De gemeente kan besluiten dat een huisgenoot of partner geen gebruikelijke hulp kan leveren als deze zodanige gezondheidsproblemen heeft dat redelijkerwijs geconcludeerd moet worden dat de betreffende taken niet door hem uitgevoerd kunnen worden. Er moet altijd onderzocht worden of een leefeenheid, gegeven de voor die leefeenheid geldende gebruikelijke hulp, door de (chronische) uitval van een gezinslid niet alsnog onevenredig belast wordt en overbelasting dreigt. Wanneer een partner of huisgenoot gezondheidsproblemen en beperkingen heeft of door de combinatie van een (volledige) baan of opleiding en het voeren van het huishouden overbelast dreigt te raken, zullen de (medische) gegevens ter onderbouwing daarvan door de inwoner moeten worden aangeleverd. De gemeente moet zich daar dan een geobjectiveerd oordeel over vormen. Wanneer de dreigende overbelasting aanwezig is, maar wordt veroorzaakt door een combinatie van werk en gebruikelijke hulp en andere activiteiten dan werk en huishouden, gaan werk en gebruikelijke hulp voor. Vrijetijdsbesteding kan op zich geen reden zijn om een indicatie te stellen. De ondersteuning vanuit de gemeente zal veelal van tijdelijke aard zijn om te zorgen dat de leefeenheid andere oplossingen kan vinden en de overbelasting kan herstellen.
In terminale of andere chronische situaties waarin huisgenoten zwaar belast worden met zorgtaken kunnen de normeringen betreffende gebruikelijke hulp soepeler worden gehanteerd, mits gemotiveerd.
Algemeen gebruikelijke voorzieningen zijn in principe voor iedereen beschikbaar, of mensen nu wel of geen beperking hebben. Wat in een concrete situatie algemeen gebruikelijk is, hangt af van de op dat moment geldende maatschappelijke normen en van de individuele situatie van de inwoner.
Algemeen gebruikelijke voorzieningen hoeven niet vanuit de Wmo te worden verstrekt.
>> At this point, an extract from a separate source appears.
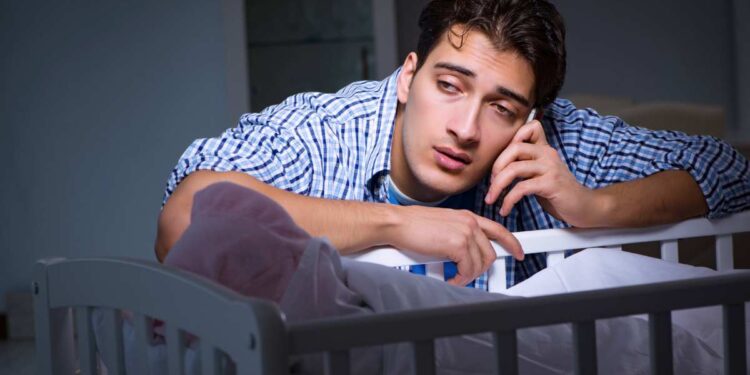 Anche gli uomini sono depressi dopo il parto: arriva il docufilm sulla ‘fatica’ di essere genitori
Een voorziening is algemeen gebruikelijk als die:
• niet speciaal bedoeld is voor mensen met een beperking én;
• in de reguliere handel verkrijgbaar is, én;
• in prijs vergelijkbaar is met soortgelijke producten.
De jurisprudentie verwoordt het zo: “een voorziening waarvan aannemelijk is te achten dat belanghebbende daarover ook zou hebben beschikt als hij niet gehandicapt was” (zie o.a. CRvB 14-07-2010, nr. 09/562). Bovendien blijkt uit jurisprudentie dat een voorziening voor de ene persoon wel algemeen gebruikelijk kan zijn en voor de ander niet. Zo kunnen beugels in het toilet voor een persoon van boven de 70 jaar algemeen gebruikelijk zijn, maar voor een jongere persoon die na een ongeluk gehandicapt is geraakt, juist niet. Uitzonderingen op deze criteria zijn situaties waarin:
• de handicap plotseling ontstaat, waardoor algemeen gebruikelijke voorzieningen eerder dan normaal aangeschaft of vervangen moeten worden;
• de inwoner een inkomen heeft, dat door aantoonbare kosten van de handicap onder de voor hem geldende bijstandsnorm dreigt te komen.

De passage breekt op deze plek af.